The intensive communication strategy introduced in our department made it possible to identify at an earlier stage patients who were likely to later have withholding or withdrawal of treatment. In view of the fact that there is a now a legal basis for such decisions, perhaps it has simply become easier to reach such decisions. Despite the improvements achieved with an intensive communication strategy in our department after the new French legislation on end-of-life patient rights, there are undoubtedly several areas where there is still room for further progress. Many patients do not have officially appointed surrogates or proxies, and the level of communication regarding this possibility could likely be improved. Secondly, external consultants are often just consulted by telephone. More active involvement in grand rounds or interprofessional meetings could help to yield a more positive contribution from outside experts.

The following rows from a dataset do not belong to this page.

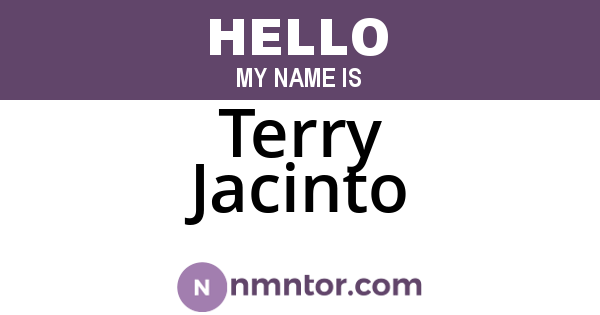 Terry Jacinto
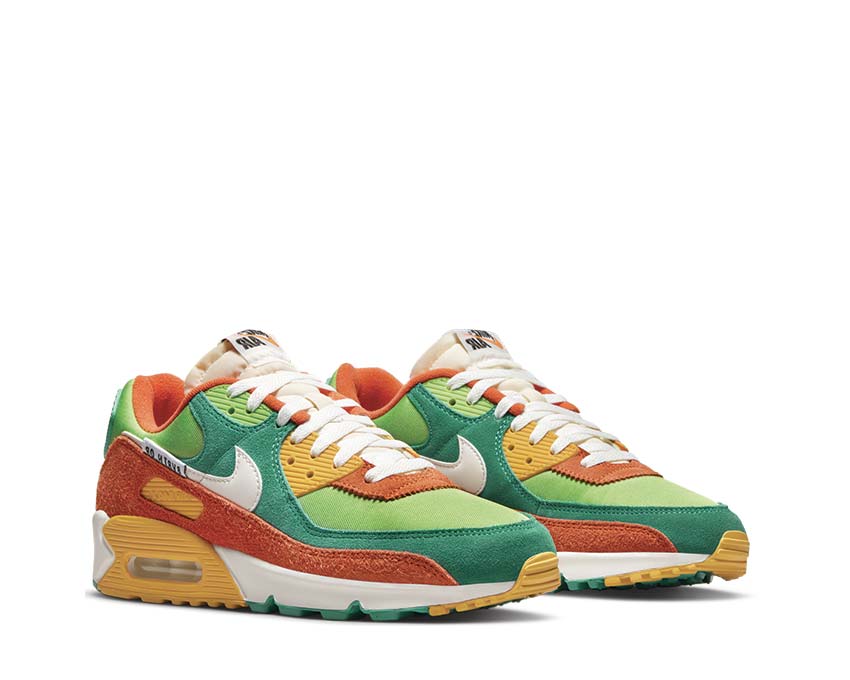  Air Max 90 SE Roma Green / Sail- Orange - Mean Green DC9336-300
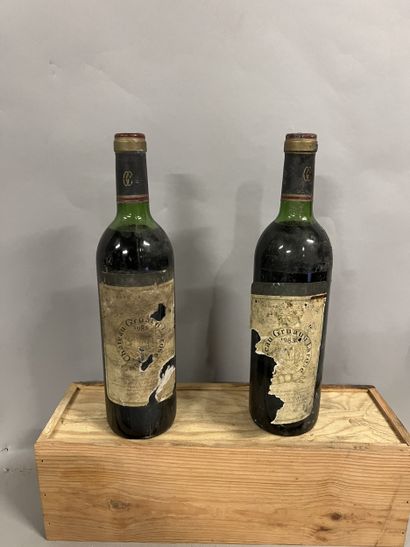 2 bottles Château GRUAUD-LAROSE, 2° cru Saint-Julien...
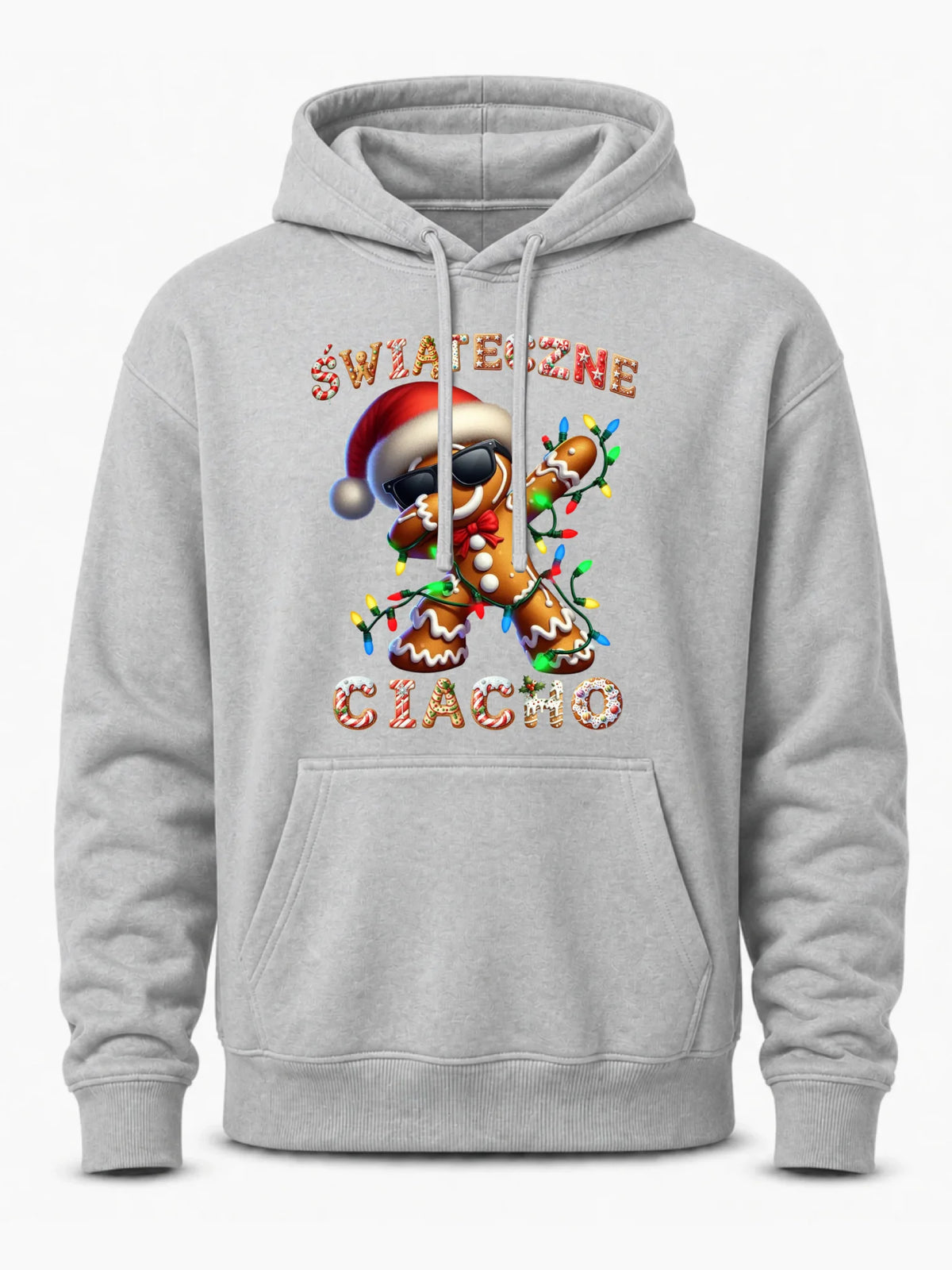 Bluza męska z kapturem świąteczna - Świąteczne Ciacho BN25
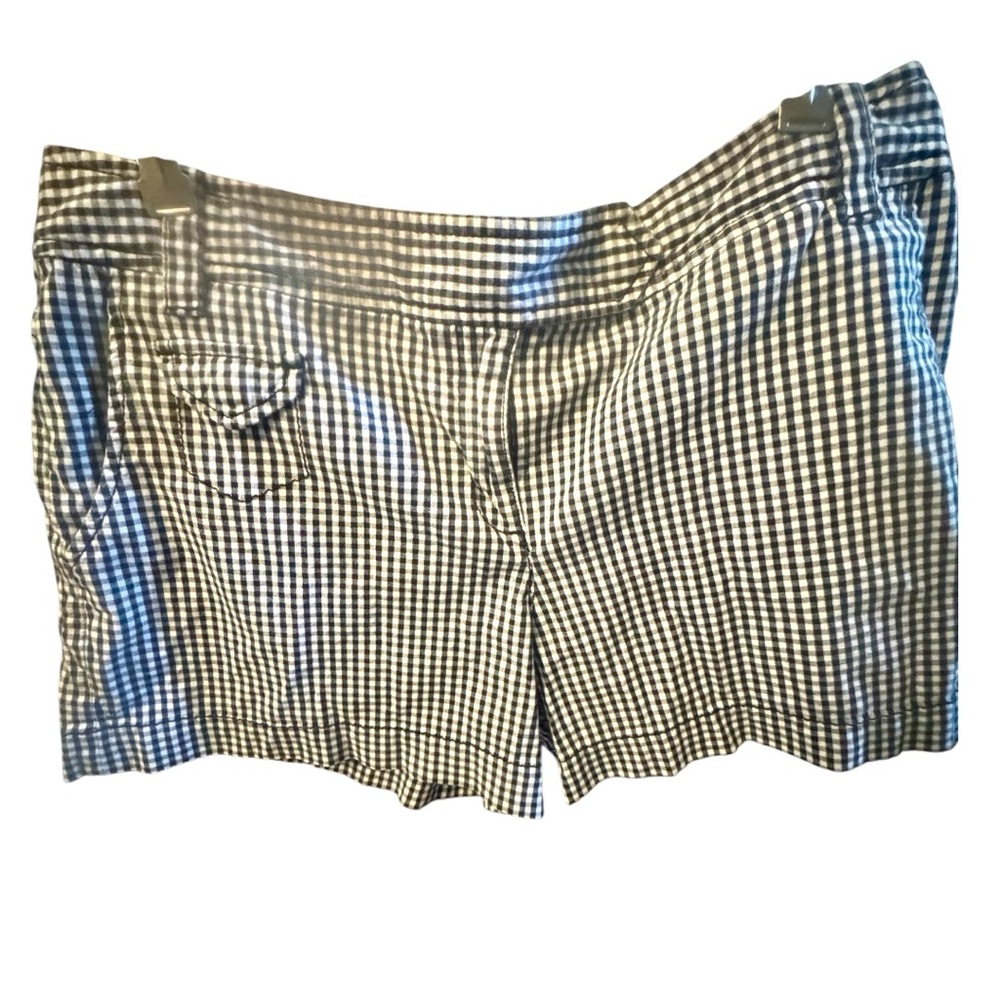 LOFT Black and White Gingham Shorts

Third, while the new law lays down good principles for end-of-life care, these dispositions are of little use and impossible to put into application if the whole medical and non-physician staff is not sufficiently aware and involved. Thus, regular training and constant communication are necessary, as well as psychological support. End-of-life care should be seen as extending beyond the patient to include the patient’s family, and is not simply a question of treating a specific disease.

Limitations

This was a single-centre study, including mainly medical patients (90%). Thus, our results may not be extrapolated to all ICU populations, or multiple centres, as it would be difficult to obtain uniform practices. Secondly, data from period 1 were retrospective, and there were probably missing data or insufficiently exploited files. Thirdly, decisions to withhold or withdraw treatment were not generally made during the night or during the weekend, because of the absence of sufficient staff to guarantee the collegial decision-making procedures. Fourthly, the person who initiated the decision-making process regarding end-of-life options can be difficult to identify, particularly in period 1, where notations in the medical file were less frequent and less detailed. Fifth, our strategy of intensive communication was developed as a policy in the department and is not necessarily replicable in other departments. In addition, it is not possible to conclude that the changes observed in our practices were due solely to the introduction of the new legislation. Sixth, since the ICU capacity increased between periods, there is a possibility that the patient profile changed between periods. Lastly, while doctors in France are not directly concerned by the cost of care, we cannot exclude that economical considerations due to limited resources may have influenced their decisions to withhold or withdraw therapy.

Conclusions

The new law of 2005 in France on patient rights at end of life has made it possible to introduce an active communication strategy regarding end-of-life decisions, with a true legal framework, probably limiting excessively burdensome treatment.

Intensive communication makes it possible to identify earlier patients who are likely to evolve towards WWT, which brings about quicker decision-making regarding end-of-life in the ICU.

We noted greater involvement of close family and nursing staff in initiating decisions relating to end of life. The new law has the advantage of providing a legal framework to free physicians of the burden of unguided decision-making in this difficult context.